Seraphina clearly lived as a woman in so far as was possible, had a close circle of female friends, and was well liked and accepted. (The show refers to these women as “admirers” and “a bevy of female acolytes”, but they sound very much like friends to me.) However, the presenter Amanda Vickery and all three of her guests assume throughout that she is a crossdressing gay man. Now, this reading is possible, but the possibility (probability, I’d say) that she might be trans occurs to none of them. Kudos to Vickery for referring to her as “she” on the grounds that that’s the pronoun she clearly preferred, but guest Rictor Norton in particular continually misgenders her. There’s a lot of twaddle about pantomime, camp, theatricality, etc, and how she was a “parody of a woman” engaged in a “performance” (not in the Judith Butler sense that everybody is engaged in performance all the time, but in the sense of pretending to be something she wasn’t). She is also cast as an attention seeker. Says guest Helen Berry: “I personally think that Princess Seraphina was nothing if not a drama queen, and I think she absolutely relished her moment in the spotlight with all those judges and everybody looking at her.” You think? None of this is evidenced by the transcript, which shows that she brought the prosecution under some duress from witnesses who wanted their share of any potential reward. All this superstructure of motivation, etc, is built on assumption that she must have been a camp gay man. One of the speakers is reminded of Kenneth Williams.
The programme also refers to a telling incident, involving not Seraphina herself but one of her acquaintance:
“t’other went to the Masquerade in a Velvet Domine, and pick’d up an old Gentleman, and went to Bed with him, but as soon as the old Fellow found that he had got a Man by his Side, he cry’d out, Murder”.
I’m not an expert on gay culture, but this doesn’t sound like a gay pick-up to me. Isn’t it more usual for gay men to go to bed with other gay men, rather than with heterosexuals? It does, however sound very much like a “trans panic” reaction – 250 years avant la lettre.
There is of course a problem of terminology here: “trans” is not a word that was current in 1732. But then, no more were “gay”, “homosexual”, “heterosexual”, “camp” or “drag queen”. As a term, “trans” is neither less nor more anachronistic or problematic than any of the rest.
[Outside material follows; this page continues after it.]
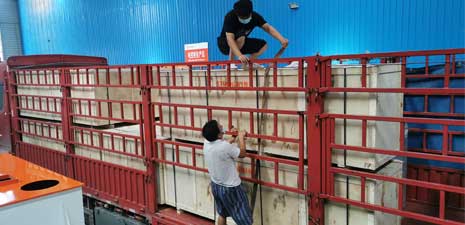 5臺(tái)脈沖除塵器，2條皮帶輸送機(jī)，22kw空壓機(jī)已發(fā)往巴拉圭 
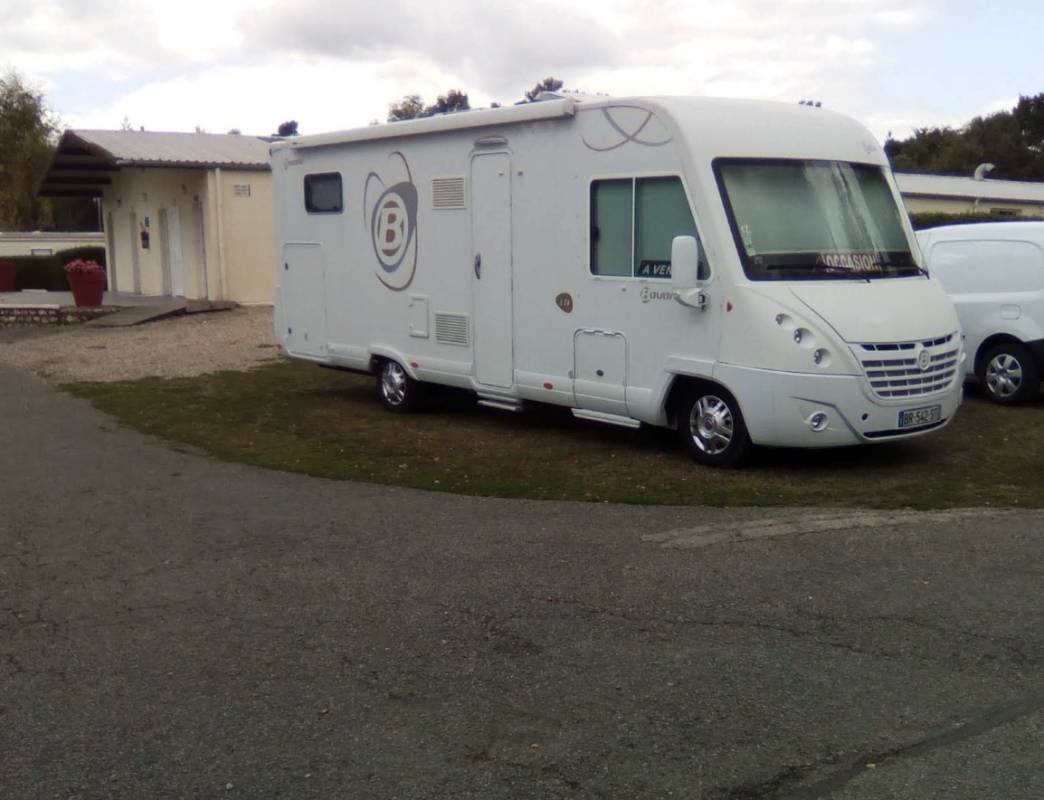 Camping Caravaning de Salverte ***** — Camping Site in La Neuville-du-Bosc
Some of the guests were wary of claiming that there was a “coherent gay identity in eighteenth-century England”. Others, along with the BBC publicity (which described the programme as exploring “the lives of gay men in the 18th century”), were less so. Rictor Norton had no problems in claiming the programme’s subjects as “a group with which I [as a gay man] have a cultural affinity… I really do recognize them as gay men in the modern sense of the word ‘gay’. I really do think you need to reclaim your past before you can fight for the good gay future.”
Reclaiming your history is fine – but you can’t, if it’s been erased. My question is, where is the trans history? When, as in this programme, the question of gender identity is never even mentioned, it becomes invisible, assimilated to other histories. This erasure of real lives is bad in itself; but it also has the effect that being trans can be dismissed as a specifically-modern, specifically-Western phenomenon, “invented” by male sexologists for their own sinister purposes. That’s why we need a trans history.